Когда он узнал о поражении Мюрата, он пришел ко мне с сияющими от счастья глазами и сказал: «Пойдемте-ка немедленно ко мне в комнату, опустошим бутылку старого доброго рейнвейнского» – у господина его было в избытке, но пить его он не любил. Когда я пришел, он чокнулся со мной и провозгласил: «За падение Наполеона!» Я испугался, потому что в такие времена, по пословице, и стены имеют уши. Но он продолжил: мы в совершенной безопасности. Тогда он поведал о поражении Мюрата и сказал: «Это только начало, дальше будет хуже».
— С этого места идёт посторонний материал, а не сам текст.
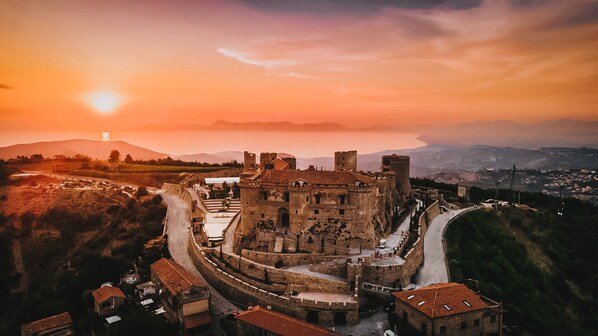 Un castillo histórico con un muro fortificado, un patio central y un paisaje circundante con montañas y un atardecer.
Неосмотрительность заставила однажды и меня высказаться так, что мне это могло дорого обойтись в иной аудитории, – но полковник Флао лишь дружески посоветовал мне в будущем воздержаться от подобных высказываний. Я сказал однажды в обществе наших квартирантов в продолжение общего разговора: «Я видел французскую армию в Голландии при Дюмурье[513] детьми, как они шли тогда – одни пожилые старцы, много наглых бабенок, сражавшихся в общем строю, и безбородые юноши, едва сменившие детскую обувь, совсем босые и в драных штанах. – Затем на Рейне в 1795 г. юношами. В Москве же мужами – ибо едва ли возможно увидеть красивейшую армию, чем 80 000 человек гвардейцев, которые вошли в Москву, из которых каждый старый гвардеец мог бы служить моделью для Юпитера или Геркулеса, а каждый молодой гвардеец – для Ганимеда. Теперь мне остается лишь ожидать еще увидеть этих мужей старцами», – так, как я и увидал их в действительности позднее в возвратившихся пленных, а многие другие – умирающими старцами на Немане. Наполеон наверняка не простил бы мне этого прорицания, если бы оно дошло до его ушей. Наши же полковники смеялись и превратили все в шутку; лишь Флао по-дружески предостерег меня, чтобы я воздержался от подобных замечаний.